▶ **PROBLEM STATEMENT**
Within the records that follow, determine how many lines include the word "Action". State the number and nothing further.

▶ **Stored items**
- - - - - - -
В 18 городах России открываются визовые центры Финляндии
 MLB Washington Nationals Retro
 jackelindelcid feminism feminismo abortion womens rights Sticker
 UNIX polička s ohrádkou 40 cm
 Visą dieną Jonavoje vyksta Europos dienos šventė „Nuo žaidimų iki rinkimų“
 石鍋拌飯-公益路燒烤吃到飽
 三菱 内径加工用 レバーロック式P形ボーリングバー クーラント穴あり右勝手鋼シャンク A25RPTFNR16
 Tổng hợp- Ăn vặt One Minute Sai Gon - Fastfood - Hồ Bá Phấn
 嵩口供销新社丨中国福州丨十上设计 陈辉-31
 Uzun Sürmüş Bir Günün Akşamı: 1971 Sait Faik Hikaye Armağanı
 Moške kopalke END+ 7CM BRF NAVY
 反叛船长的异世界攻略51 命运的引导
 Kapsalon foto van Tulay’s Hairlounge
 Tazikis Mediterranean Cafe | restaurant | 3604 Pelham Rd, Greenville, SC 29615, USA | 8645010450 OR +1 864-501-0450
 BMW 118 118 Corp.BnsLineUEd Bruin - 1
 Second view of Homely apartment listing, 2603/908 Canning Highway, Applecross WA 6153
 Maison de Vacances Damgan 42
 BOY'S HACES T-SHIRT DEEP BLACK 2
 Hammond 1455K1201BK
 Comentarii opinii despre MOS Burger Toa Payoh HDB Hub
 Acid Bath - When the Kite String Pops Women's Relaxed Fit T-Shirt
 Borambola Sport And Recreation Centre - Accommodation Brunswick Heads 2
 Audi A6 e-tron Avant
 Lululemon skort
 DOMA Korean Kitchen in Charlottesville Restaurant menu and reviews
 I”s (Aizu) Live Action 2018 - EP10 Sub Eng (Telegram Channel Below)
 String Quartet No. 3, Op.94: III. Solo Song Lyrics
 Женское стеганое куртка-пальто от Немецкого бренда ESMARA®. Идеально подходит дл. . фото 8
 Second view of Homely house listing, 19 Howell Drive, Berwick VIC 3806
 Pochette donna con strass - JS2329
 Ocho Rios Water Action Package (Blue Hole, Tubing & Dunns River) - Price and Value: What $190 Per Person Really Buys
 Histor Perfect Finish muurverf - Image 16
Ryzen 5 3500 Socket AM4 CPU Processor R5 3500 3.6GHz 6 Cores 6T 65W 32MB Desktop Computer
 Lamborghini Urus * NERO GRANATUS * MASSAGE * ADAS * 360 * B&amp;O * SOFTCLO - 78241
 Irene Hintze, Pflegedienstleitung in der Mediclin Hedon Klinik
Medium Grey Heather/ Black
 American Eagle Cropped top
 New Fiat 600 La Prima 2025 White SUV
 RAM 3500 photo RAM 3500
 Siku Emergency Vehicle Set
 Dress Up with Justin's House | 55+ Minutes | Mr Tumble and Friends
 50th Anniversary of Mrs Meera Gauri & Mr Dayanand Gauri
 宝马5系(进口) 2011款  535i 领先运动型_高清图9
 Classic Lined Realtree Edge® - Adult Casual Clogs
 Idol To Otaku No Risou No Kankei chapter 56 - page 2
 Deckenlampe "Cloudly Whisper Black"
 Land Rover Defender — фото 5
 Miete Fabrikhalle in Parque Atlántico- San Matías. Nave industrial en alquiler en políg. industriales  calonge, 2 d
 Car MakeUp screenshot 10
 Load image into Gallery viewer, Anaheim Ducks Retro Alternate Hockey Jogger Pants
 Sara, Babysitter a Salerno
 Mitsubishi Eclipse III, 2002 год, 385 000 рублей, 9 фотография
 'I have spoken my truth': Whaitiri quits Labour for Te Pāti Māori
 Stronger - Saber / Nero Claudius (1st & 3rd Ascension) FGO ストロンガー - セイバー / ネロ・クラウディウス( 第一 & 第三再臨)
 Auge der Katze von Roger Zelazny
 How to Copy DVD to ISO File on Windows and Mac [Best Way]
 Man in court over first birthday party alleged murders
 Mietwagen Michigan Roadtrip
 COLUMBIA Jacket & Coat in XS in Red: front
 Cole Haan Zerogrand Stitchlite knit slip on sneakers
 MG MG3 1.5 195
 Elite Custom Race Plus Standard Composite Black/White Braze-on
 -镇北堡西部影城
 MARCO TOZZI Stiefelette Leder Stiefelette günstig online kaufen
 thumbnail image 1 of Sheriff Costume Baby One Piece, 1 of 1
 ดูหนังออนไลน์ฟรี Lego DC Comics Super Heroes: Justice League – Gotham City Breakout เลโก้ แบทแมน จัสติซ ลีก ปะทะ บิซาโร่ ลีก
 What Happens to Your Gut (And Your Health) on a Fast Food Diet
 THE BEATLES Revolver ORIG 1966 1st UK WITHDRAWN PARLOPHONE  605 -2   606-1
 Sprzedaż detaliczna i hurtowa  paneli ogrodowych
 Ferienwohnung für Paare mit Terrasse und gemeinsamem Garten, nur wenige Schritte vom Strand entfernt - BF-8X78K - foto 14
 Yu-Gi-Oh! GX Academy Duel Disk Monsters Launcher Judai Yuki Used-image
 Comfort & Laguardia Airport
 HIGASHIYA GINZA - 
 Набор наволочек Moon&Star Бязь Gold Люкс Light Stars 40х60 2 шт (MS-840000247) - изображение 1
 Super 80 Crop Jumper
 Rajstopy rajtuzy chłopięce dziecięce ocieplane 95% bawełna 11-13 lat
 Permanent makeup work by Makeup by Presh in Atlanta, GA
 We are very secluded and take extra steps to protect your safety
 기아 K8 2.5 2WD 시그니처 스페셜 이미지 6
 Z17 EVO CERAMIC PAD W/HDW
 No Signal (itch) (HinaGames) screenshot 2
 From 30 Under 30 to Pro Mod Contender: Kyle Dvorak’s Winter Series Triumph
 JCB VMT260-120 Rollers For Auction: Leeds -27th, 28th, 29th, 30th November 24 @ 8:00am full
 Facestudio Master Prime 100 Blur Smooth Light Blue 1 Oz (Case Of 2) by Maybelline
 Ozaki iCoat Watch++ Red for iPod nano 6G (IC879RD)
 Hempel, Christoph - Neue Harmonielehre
- - - - - - -
▶ **RESPONSE TO THIS TASK**
2